Mason B. Tomson, Ph.D., P.E. Professor, Civil and Environmental Engineering Director, Brine Chemistry Consortium Co-Director, China-US Center for Environmental Remediation and Sustainable Development Rice University

Dr. Mason B. Tomson is a Professor of Civil and Environmental Engineering at Rice University. While at Rice, he has directed research grants totaling over fifteen million dollars. His research team was one of the first (circa 1978) to prove that ground water could be readily contaminated by organic chemicals from the surface; they then developed and demonstrated the concepts of facilitated (enhanced) transport and more recently of irreversible (resistant) desorption of chemicals from soils and sediments.  These concepts have since been applied to fullerene and activated carbon nanoparticles.  Professor Tomson directs four research projects, two from NSF on nanotechnology, one from EPA on heavy metals in sediments, and a Brine Chemistry Consortium of eighteen oil and gas production and service companies.  Professor Tomson also leads an effort to establish a joint program between Rice University and Nankai University in Tianjin, China, on sustainable environmental development. 
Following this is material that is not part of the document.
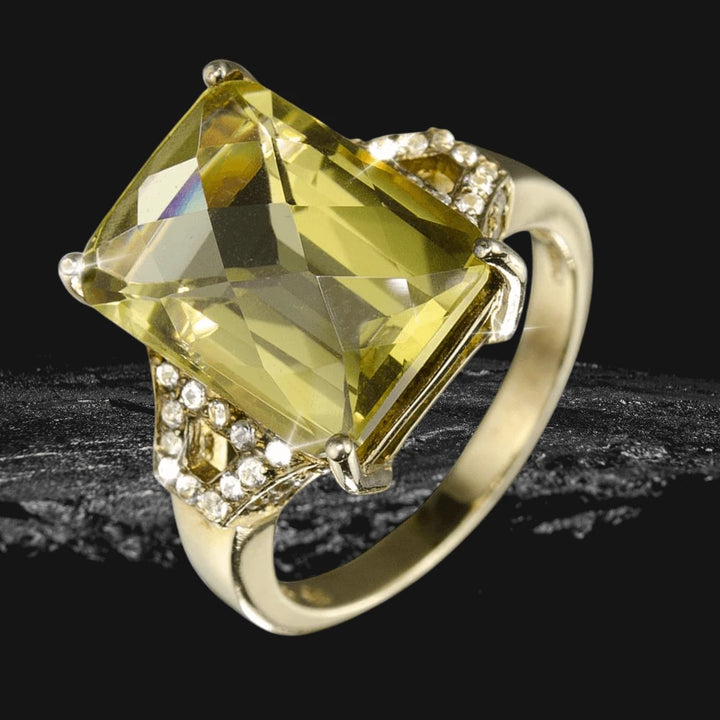 Orchard Ring featuring a large rectangular yellow gemstone set in sterling silver with gold plating, accented by small clear stones, designed for women’s jewelry.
Dr. Tomson has authored or coauthored over 200 articles in high impact journals, including Science, Journal of the American Chemical Society, Environmental Science and Technology, and Oil and Gas Journal; he holds four patents and has authored two books.  He also serves on the editorial boards of J. Envi. Sci. and Health, SPE Production and Facilities J., on the Science Advisory Committee of EPA’s IPEC at U. of Tulsa, and on the Steering Committee of the SPE Oilfield Scale Annual Conference in Scotland. 

Presentation Description
Transport of carbon and metal-oxide nanoparticles in soil and soil components
Nanoparticle transport in soils is of concern for the fate of the nanoparticles and for what they might co-transport as sorbed contaminants.  Numerous efforts have focused on describing the movement of these particles in monodisperse porous media, such as grass beads or sand, but little progress has been made in transferring those observations to heterogeneous soils, let alone, what happens to sorbed contaminants in these natural porous media.  We started with a well-defined soil and systematically added and removed fractions to identify the key materials and structures that account for nano-particle transport in batch and soil columns in the presence and absence of typical surface active materials.  A range of solution compositions common to natural waters have been examined.  Focus has been on nano-C60, magnetite, and anatase.  Then, by pre-equilibrating these nanoparticles with contaminants we have demonstrated facilitated transport of nanoparticles and resistant desorption of co-transported adsorbents.  Sorption isotherms and particle interaction theory have been combined with standard transport models to present, for the first time, a realistic view of nanoparticle transport in a natural soil.